せっかく「助け舟」を出してもらっているのだし、防衛大臣なら、そんな大事な質問には、きちんと答えてほしかった。昔だったら国会が止まりかねない失態ですよ、と言いたくなる人も多かったのではないか。私も大臣の答弁にはいたく失望した。ただ、「理解していない」のに「助け舟」に乗ったりしなかったのは、賢明だったかもしれない。
≪全く違う近年の政府見解≫
というのも、政府が自衛隊を合憲とする根拠は「芦田修正」ではないからである。少なくとも近年の説明はそうではない。たとえば、平成16年6月18日付の政府答弁書には次のようにある。
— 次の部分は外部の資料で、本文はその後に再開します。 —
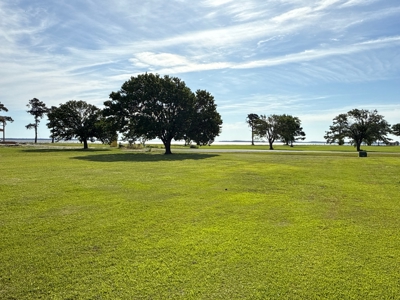 Riverfront Property for Sale in Beaufort County, NC - image 8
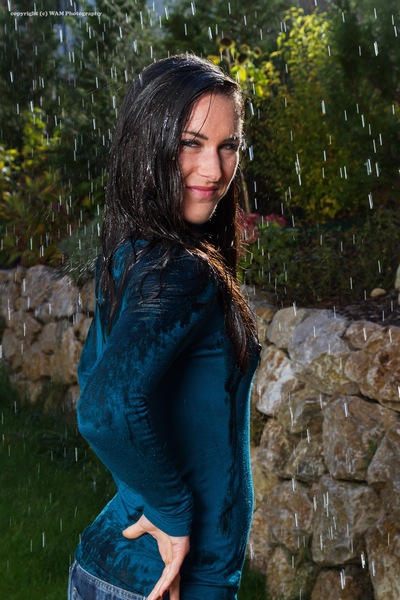 WAM Photography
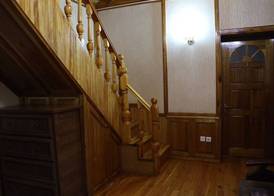 Old Inn 5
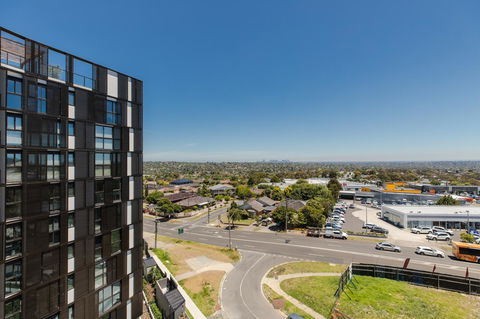 SSP GardenHill - Accommodation Port Macquarie 16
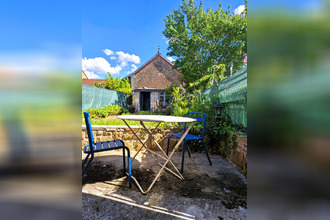 achat maison aignan 32290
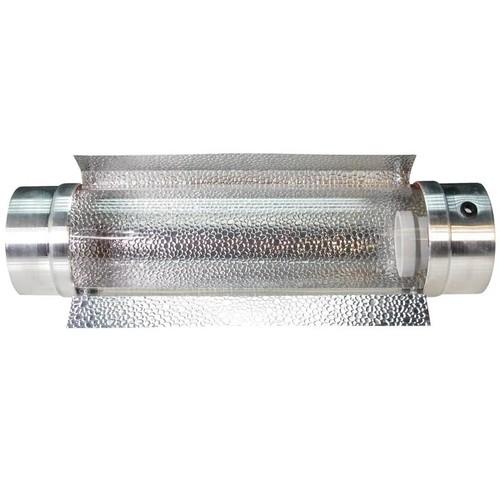 Réflecteur cooltube 150 mm - cooltube, Ø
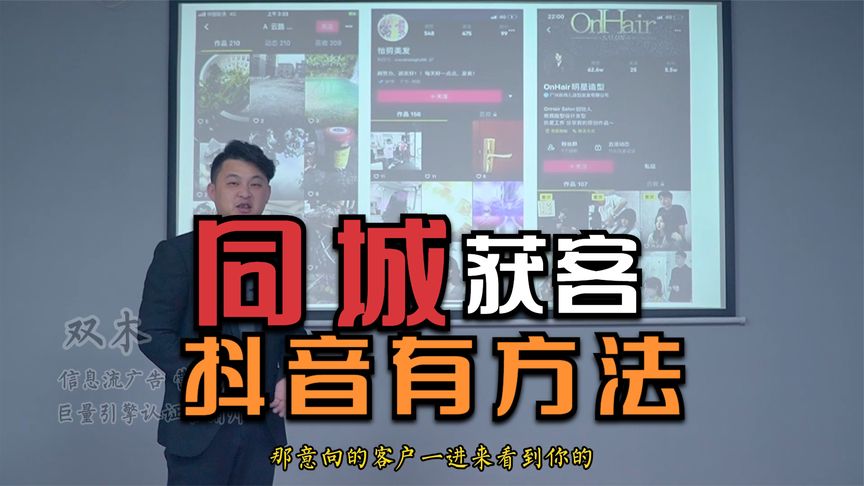 快手上点赞软件_点赞赚钱软件叫什么_比邻点赞软件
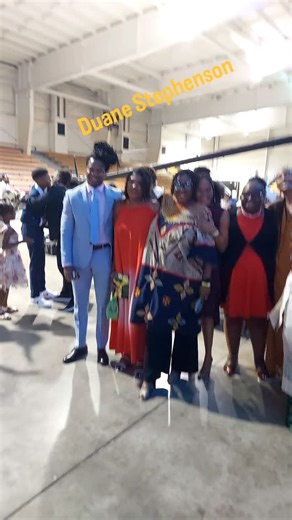 The children of Jimmy Cliff enjoy the celebration of life as Duane Stephenson performs Wonderful World. | Steve James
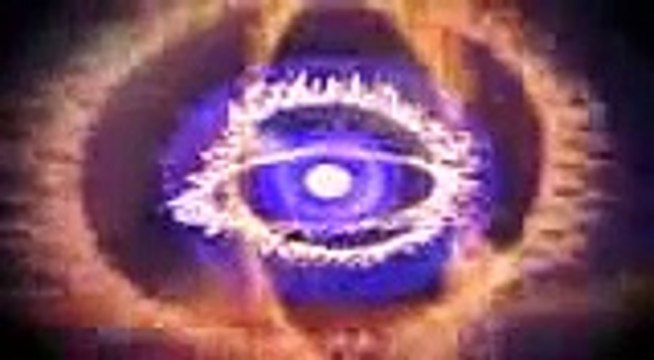 محمد عبده جلسة طرب على العود صبت قلبي بسم الحب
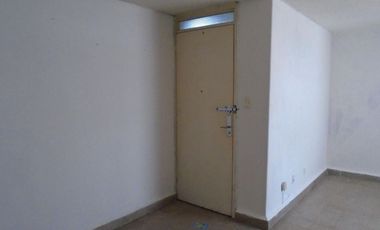 Departamento en Venta en Lomas de Sotelo muy cerca de Nueva Embajada Americana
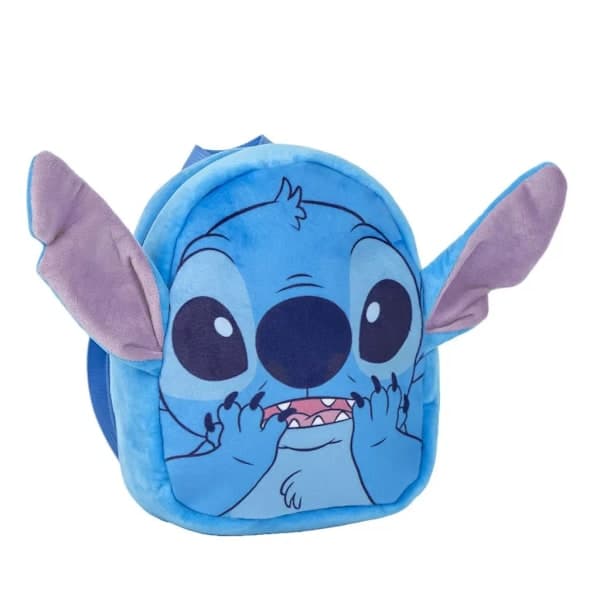 Ryggsäck Disney Lilo och Stitch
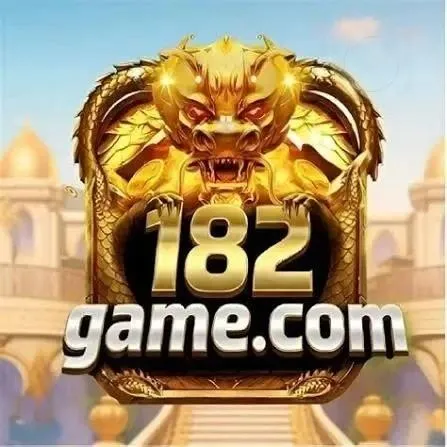 182GAME - Permainan QiuQiu Seru dan Menarik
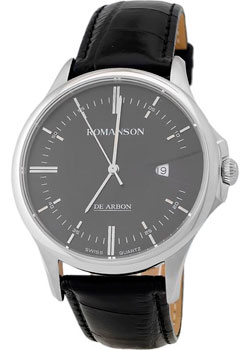Вся коллекция De Arbon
「憲法第9条の文言は、我が国として国際関係において実力の行使を行うことを一切禁じているように見えるが、政府としては、憲法前文で確認している日本国民の平和的生存権や憲法第13条が生命、自由及び幸福追求に対する国民の権利を国政上尊重すべきこととしている趣旨を踏まえて考えると、憲法第9条は、外部からの武力攻撃によって国民の生命や身体が危険にさらされるような場合にこれを排除するために必要最小限度の範囲で実力を行使することまでは禁じていないと解している」
≪平和的生存権と幸福追求権≫
憲法は、自衛のため必要最小限度の範囲での実力(武力)行使を禁じていない。そのための組織である自衛隊は憲法に違反しない。その根拠はといえば、前文の「平和的生存権」と13条の「幸福追求権」だ、という答弁である。
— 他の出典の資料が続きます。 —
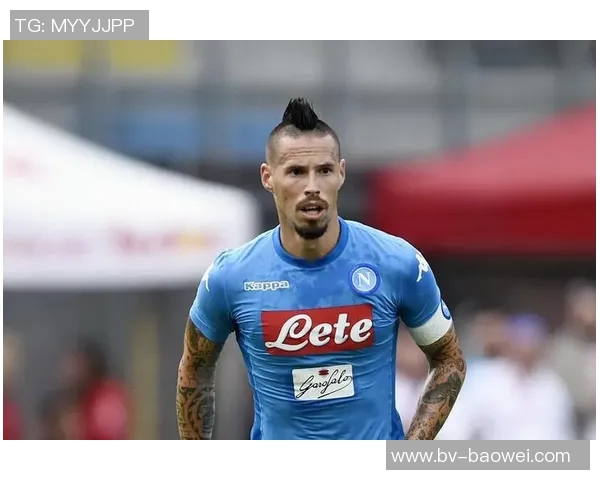 哈姆西克回忆曾差点加盟米兰阿莱格里执教尤文时也对我有兴趣 哈姆西克回忆曾差点加盟米兰阿莱格里执教尤文时也对我有兴趣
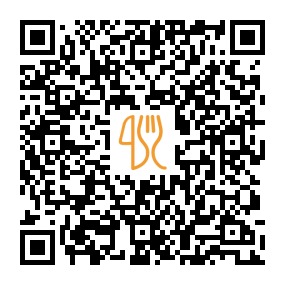 QR-Code zur Speisekarte von Vegan Künzelsau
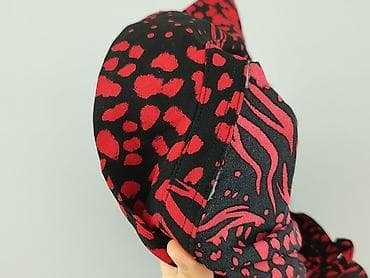 talbots: F&F, Bluzka damska, rozmiar XL — 5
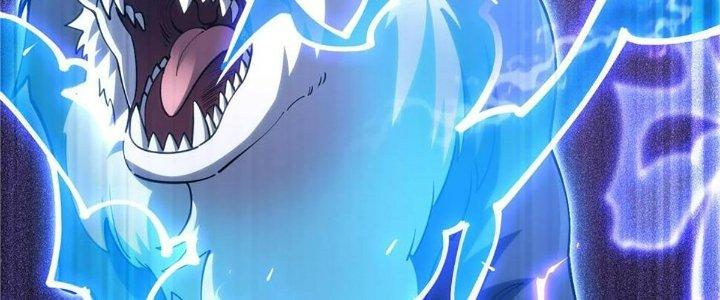 Ta Đến Từ Thời Không Chapter 41 - Trang 2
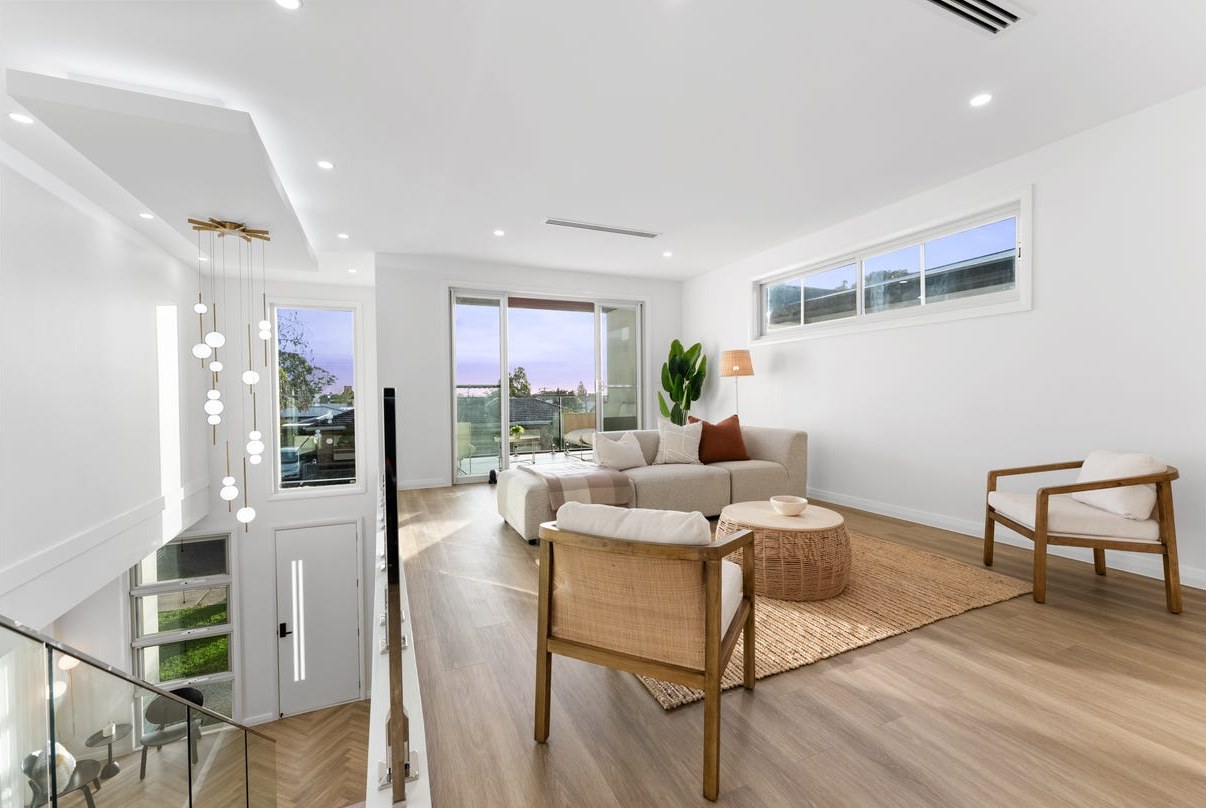 Pateela Street, Enfield – photo 12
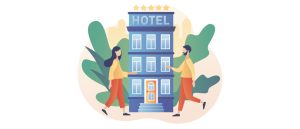Soggiornare in hotel a Bellaria-Igea Marina: cosa vedere nei dintorni e perché scegliere questa località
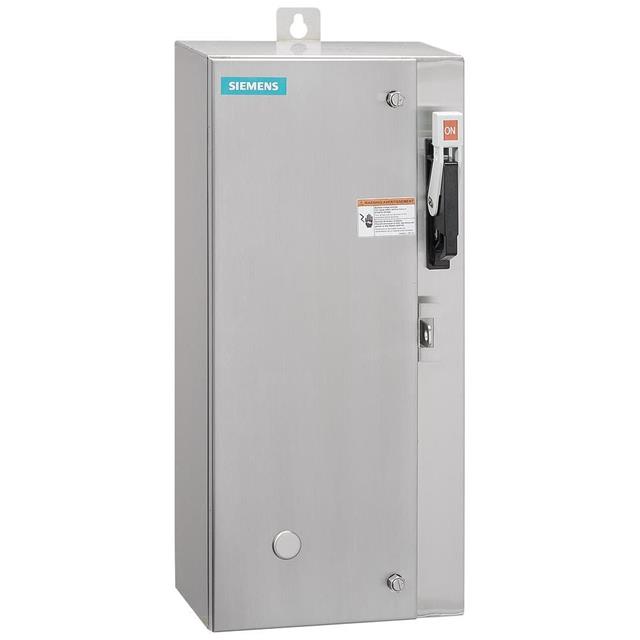 LEDB4B003277B Siemens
いわゆる「芦田修正」は、憲法制定時に芦田均(後に首相)を委員長とする衆議院の憲法改正小委員会が、憲法9条の草案に対してなした修正である。9条2項の冒頭に「前項の目的を達するため」という文言を入れ、日本が陸海空軍その他の戦力を持たないのは、国際紛争解決の手段としての武力行使をしないという目的のためであることを明確にした。芦田は憲法制定後に修正についてそう説明している(芦田の説明に対して歴史家の中に疑問を呈する向きもあるが、それはここではおく)。
芦田の主張はこうだ。
憲法9条は第1項で国際紛争解決の手段としての武力行使を放棄している。そして2項で戦力の不保持をうたっているが、冒頭に「前項の目的を達するため」とあるから、不保持はあくまで、国際紛争解決のための武力行使を目的とする戦力の不保持であって、自衛のための戦力を持てないわけではない。であれば自衛のために戦力を保持する自衛隊は憲法違反ではない。
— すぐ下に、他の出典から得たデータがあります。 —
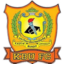 Kasem Bundit University FC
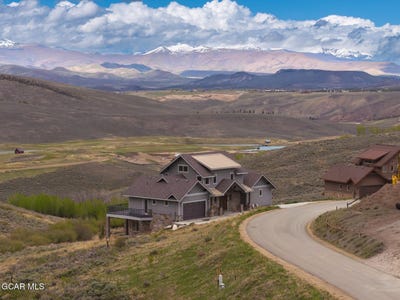 /international/us/465-lower-ranch-view-road-granby-co-110108220253/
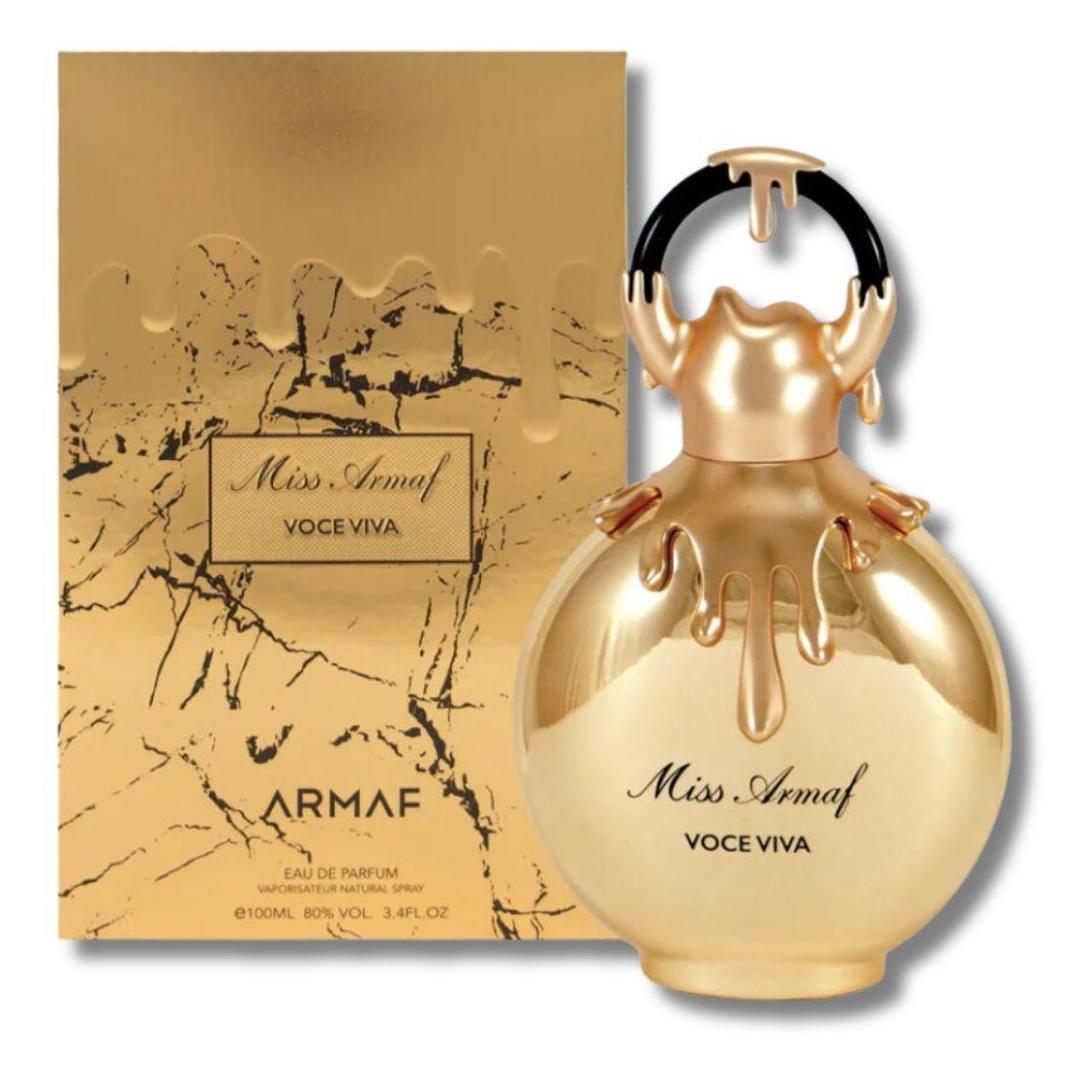 ARMAF Miss Armaf Voce Viva Eau de Parfum 100ml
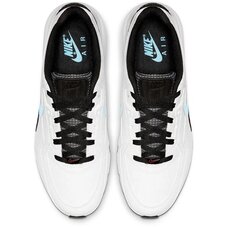Кроссовки Nike Air Max LTD 3 CI5875-100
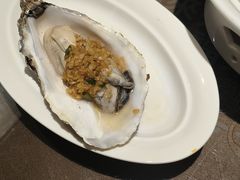 -福来齐·鲁菜海鲜·渔家菜(朝阳街分店)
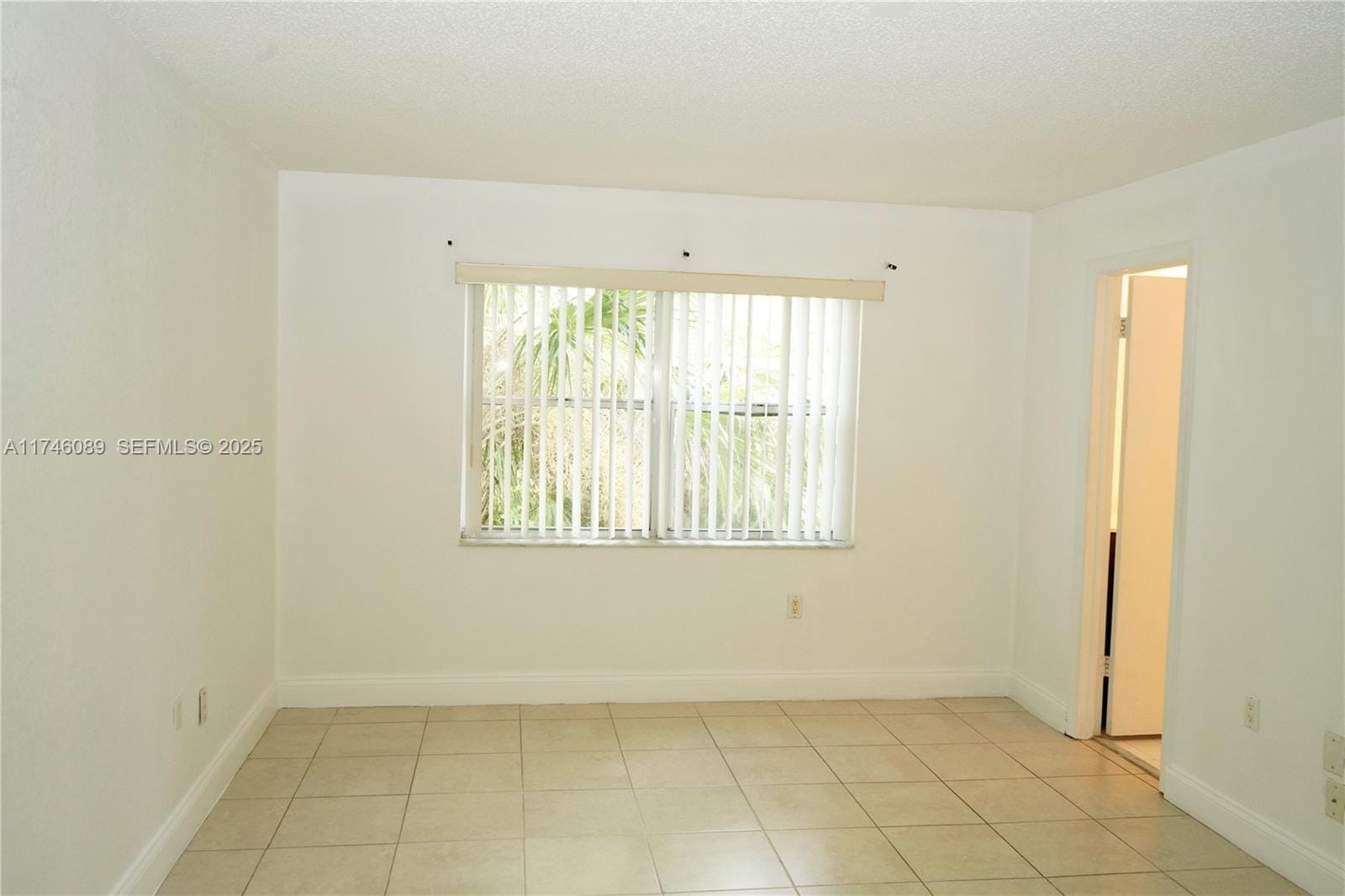 4215 N University Drive 301, Sunrise, FL 33351 photo 20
私は、政府が「芦田修正」と芦田の主張を自衛隊合憲の根拠にしていれば、戦後日本の安全保障政策は随分と違ったものになっただろうと思う。なぜなら、もし「芦田修正」と芦田の主張を根拠にしていれば、自衛隊には、自衛(個別的自衛)のための武力行使以外に、集団的自衛や国連の集団安全保障のための武力行使の道も開けただろうからである。どちらの武力行使、そしてそのための戦力保持も、9条1項に言う意味での、国際紛争解決を目的とするものではない。
≪政府解釈進めて他国民守れ≫
だが政府のこれまでの憲法解釈は、引用した政府答弁にもあるように、武力行使を「外部からの武力攻撃によって国民の生命や身体が危険にさらされるような場合」に限って「必要最小限度」の範囲で認めているに過ぎない。ここで言う「国民」はもちろん自国民のことで、他国民は含まれない。
政府の解釈は、自衛権すら否定しかねない戦後日本の特異な言論空間の中で、自衛隊創設を可能にした。そのことは高く評価すべきである。だが、自国民を守る武力行使はよいが他国民はだめ、という解釈は、国連にしろ日米同盟にしろ、安全保障を集団的な枠組みで維持する日本の現実とは平仄(ひょうそく)が合わないのもまた事実だろう。
これをどうすればよいか。私はいまさら政府が「芦田修正」と芦田の主張に戻るのは、難しいだろうと思う。
それより、政府の解釈を一歩進めるやり方で平仄を合わせてはどうだろうか。すなわち憲法前文が「平和的生存権」を日本国民だけでなく全世界の国民に認めていること。同じく前文が、自国のことのみに専念して他国を無視してはいけないと戒めていること(これは「幸福追求権」についてもあてはまるだろう)。さらには、日本が平和の維持などにつとめる国際社会において、「名誉ある地位」を占めたいとしていること。
それらのことを踏まえて、他国や他国民が不法な武力攻撃を受けた場合、わが国がその排除のために、必要最小限度の範囲で武力(実力)行使を行うことを憲法は禁じていない。そういう解釈にしてはどうかと思うのである。(さかもと かずや)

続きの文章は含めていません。